Can anyone tell me what is wrong with the relations that I used?

Last edited: Nov 12, 2016
2. Nov 12, 2016

### Eclair_de_XII

Hold on, I forgot something: If the two halteres are moving $0\frac{m}{s}$ relative to the ground, then I can assume that the long jumper throws them back with a velocity of $-v_{0x}$.

3. Nov 12, 2016

### TomHart

Edit: Yeah, the quote kind of butchered it.

I don't know if the quote (above) will come out the same or not. In your initial momentum equation, it looks like you didn't include the mass of the two halterers. Also, I'm not familiar with your notation. Does the lift off velocity indicate that the x component is 9.5 m/s and the y component is 4 m/s?
Edit changed 8.5 m/s to 9.5 m/s

4. Nov 12, 2016

### Eclair_de_XII

That's the momentum if the the halteres were not included. And yes.

5. Nov 12, 2016

### TomHart

Doesn't he have them in his hands when he lifts off?

6. Nov 12, 2016

### Eclair_de_XII

You're right. In any case, I found the answer already.

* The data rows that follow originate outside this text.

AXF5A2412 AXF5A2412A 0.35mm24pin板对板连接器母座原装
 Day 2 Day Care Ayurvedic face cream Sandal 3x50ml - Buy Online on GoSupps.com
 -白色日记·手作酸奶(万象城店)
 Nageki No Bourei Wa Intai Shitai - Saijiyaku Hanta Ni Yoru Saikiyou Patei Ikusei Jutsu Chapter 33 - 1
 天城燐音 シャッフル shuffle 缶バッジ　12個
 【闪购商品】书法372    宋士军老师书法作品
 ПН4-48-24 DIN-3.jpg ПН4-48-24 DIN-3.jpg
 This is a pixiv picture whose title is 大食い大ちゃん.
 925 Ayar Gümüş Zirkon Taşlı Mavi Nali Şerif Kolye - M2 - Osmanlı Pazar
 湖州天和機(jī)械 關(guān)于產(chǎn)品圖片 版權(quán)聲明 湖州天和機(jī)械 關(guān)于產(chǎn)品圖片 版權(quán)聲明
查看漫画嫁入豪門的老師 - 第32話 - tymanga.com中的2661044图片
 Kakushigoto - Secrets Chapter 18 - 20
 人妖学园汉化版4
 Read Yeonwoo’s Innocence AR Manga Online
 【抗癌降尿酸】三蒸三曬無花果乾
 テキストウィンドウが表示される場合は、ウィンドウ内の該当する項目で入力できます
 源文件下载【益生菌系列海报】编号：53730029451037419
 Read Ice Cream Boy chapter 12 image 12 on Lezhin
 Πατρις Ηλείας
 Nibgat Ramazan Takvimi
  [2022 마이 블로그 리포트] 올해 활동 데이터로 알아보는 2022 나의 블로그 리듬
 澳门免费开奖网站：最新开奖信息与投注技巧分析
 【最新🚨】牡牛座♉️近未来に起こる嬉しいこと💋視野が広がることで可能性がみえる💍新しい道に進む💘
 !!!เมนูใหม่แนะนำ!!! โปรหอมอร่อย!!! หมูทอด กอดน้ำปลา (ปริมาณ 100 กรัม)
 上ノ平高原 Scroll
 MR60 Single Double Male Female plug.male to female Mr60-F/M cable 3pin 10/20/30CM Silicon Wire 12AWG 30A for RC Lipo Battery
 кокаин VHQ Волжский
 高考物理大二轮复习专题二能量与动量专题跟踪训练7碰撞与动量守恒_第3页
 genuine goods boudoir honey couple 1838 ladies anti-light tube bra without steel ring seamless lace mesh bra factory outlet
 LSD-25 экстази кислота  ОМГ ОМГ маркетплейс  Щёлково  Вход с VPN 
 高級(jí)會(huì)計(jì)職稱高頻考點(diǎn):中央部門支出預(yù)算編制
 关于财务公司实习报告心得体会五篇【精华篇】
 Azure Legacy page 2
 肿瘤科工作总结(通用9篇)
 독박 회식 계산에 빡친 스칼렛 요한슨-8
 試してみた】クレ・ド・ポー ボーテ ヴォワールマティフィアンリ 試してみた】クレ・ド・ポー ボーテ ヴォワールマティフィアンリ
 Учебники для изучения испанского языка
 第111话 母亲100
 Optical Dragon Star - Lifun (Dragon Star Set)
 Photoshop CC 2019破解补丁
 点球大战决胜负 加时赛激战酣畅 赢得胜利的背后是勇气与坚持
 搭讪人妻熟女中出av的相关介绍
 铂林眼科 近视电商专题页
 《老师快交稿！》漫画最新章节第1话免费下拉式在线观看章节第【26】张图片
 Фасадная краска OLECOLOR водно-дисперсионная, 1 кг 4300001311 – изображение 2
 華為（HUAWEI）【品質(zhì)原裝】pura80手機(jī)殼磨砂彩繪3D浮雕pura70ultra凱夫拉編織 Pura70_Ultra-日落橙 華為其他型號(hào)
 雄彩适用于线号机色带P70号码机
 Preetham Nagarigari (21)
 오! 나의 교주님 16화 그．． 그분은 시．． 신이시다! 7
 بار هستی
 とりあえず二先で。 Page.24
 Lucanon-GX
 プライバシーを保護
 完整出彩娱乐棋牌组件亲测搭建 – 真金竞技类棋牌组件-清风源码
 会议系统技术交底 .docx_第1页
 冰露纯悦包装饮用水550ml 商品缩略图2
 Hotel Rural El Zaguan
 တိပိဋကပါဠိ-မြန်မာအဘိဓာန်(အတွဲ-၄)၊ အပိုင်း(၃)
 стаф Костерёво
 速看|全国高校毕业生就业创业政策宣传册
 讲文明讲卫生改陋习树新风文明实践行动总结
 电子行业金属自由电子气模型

This is the equation describing the act of throwing the halteres.

$m_1v_{0x}=m_0(v_{0x}+(\frac{m_1}{m_0})v_{0x})=m_1v_{0x}=m_0(v_{0x})(1+\frac{m_1}{m_0})$

These are the equations to find the difference in horizontal range had the long jumper not used the halteres.

$x_0=(\frac{||v_0||^2}{g})(sin2\theta_0)$
$x_f=(\frac{||v_0||^2}{g})(sin2\theta_0)+(v_{0x})(\frac{m_1}{m_0})t$
$Δx=x_f-x_0=(v_{0x})(\frac{m_1}{m_0})t$

This is to find the unknown $t$ it takes for the jumper to land.

$0=v_{0y}-gt$
$t=\frac{v_{0y}}{g}$

Substitute in, and--

$Δx=(v_{0x})(\frac{m_1}{m_0})t=(v_{0x})(\frac{m_1}{m_0})(\frac{v_{0y}}{g})=0.55m=55cm$

Someone correct me if I am mistaken in my thought process.